WHAT YOU NEED TO DO:
Return exactly the lines of the entries that start at the line containing "Χριστουγεννιάτικο χωριό LED 10 τεμαχίων" and continue to the last line. Omit the pictures.

DATA LISTING:
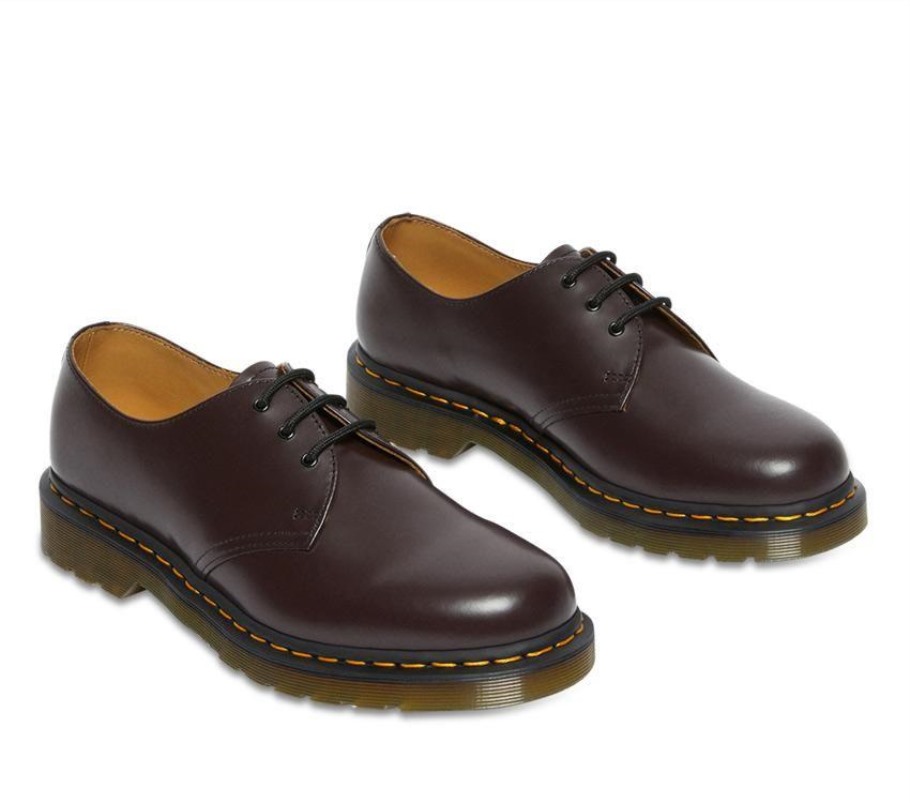 Lisboa Dr.martens Portugal 1461 Liso Velho Sangue De Boi Velho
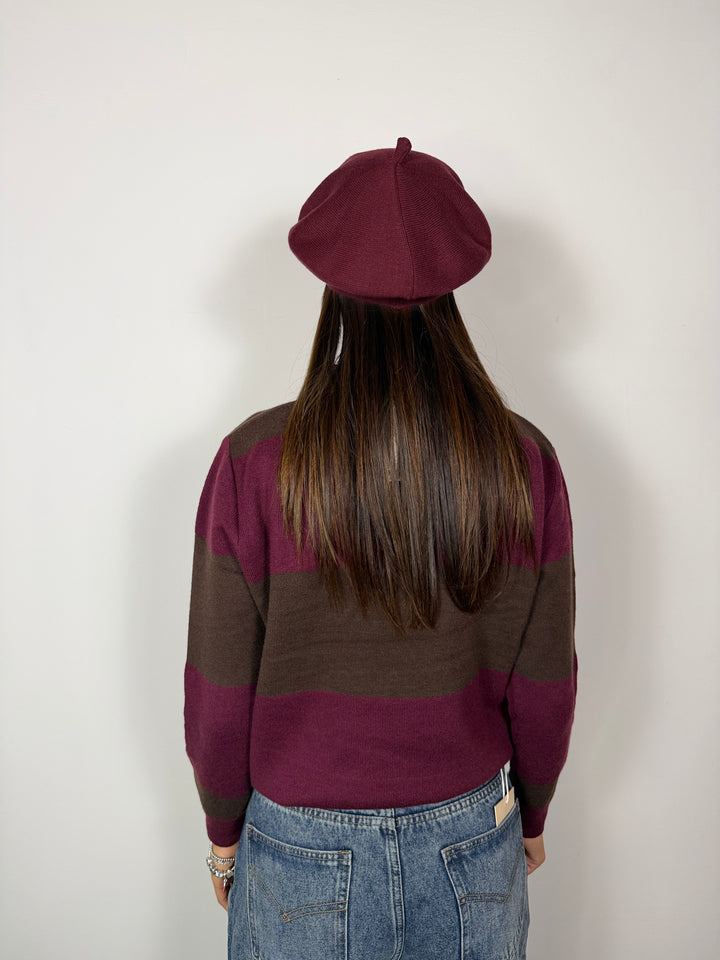 Pull New York Bordeaux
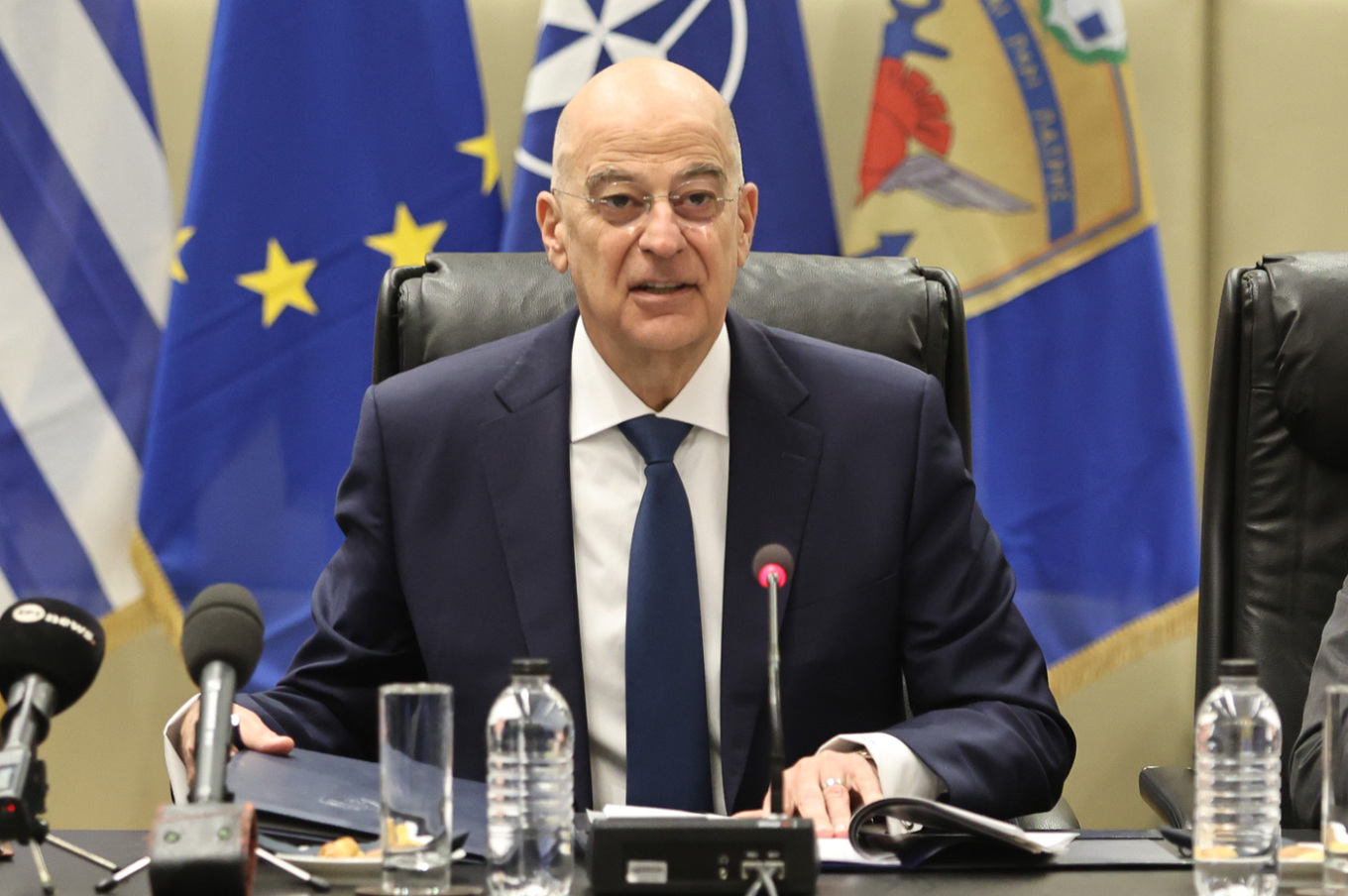 Συνάντηση Δένδια με Κουμπίλιους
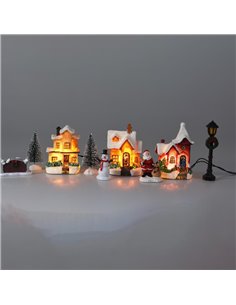 Χριστουγεννιάτικο χωριό LED 10 τεμαχίων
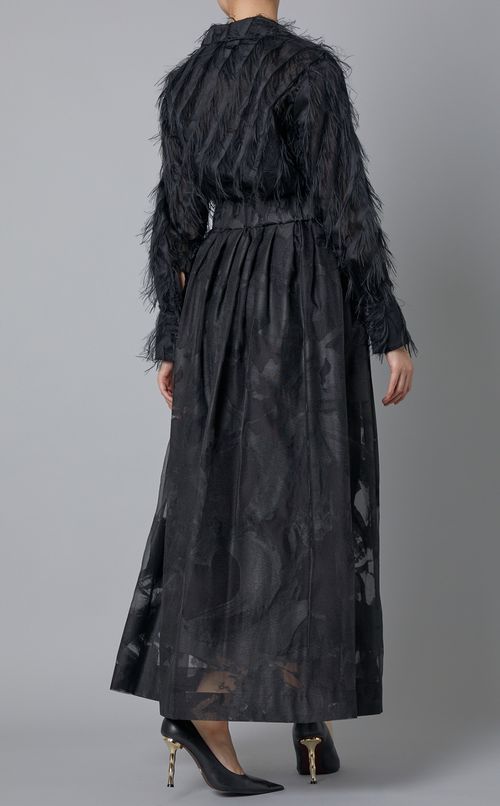 オパールシースルーロングスカート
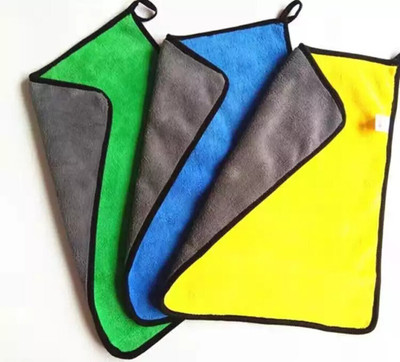 AM Creations Pack of 3 Lint Free Dual Sided Vehicle, Glass & floor Cleaning Cloth AC2.689 Wet and Dry Microfiber Cleaning Cloth(3 Units)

WRITTEN SOLUTION:
 Χριστουγεννιάτικο χωριό LED 10 τεμαχίων
 オパールシースルーロングスカート
 AM Creations Pack of 3 Lint Free Dual Sided Vehicle, Glass & floor Cleaning Cloth AC2.689 Wet and Dry Microfiber Cleaning Cloth(3 Units)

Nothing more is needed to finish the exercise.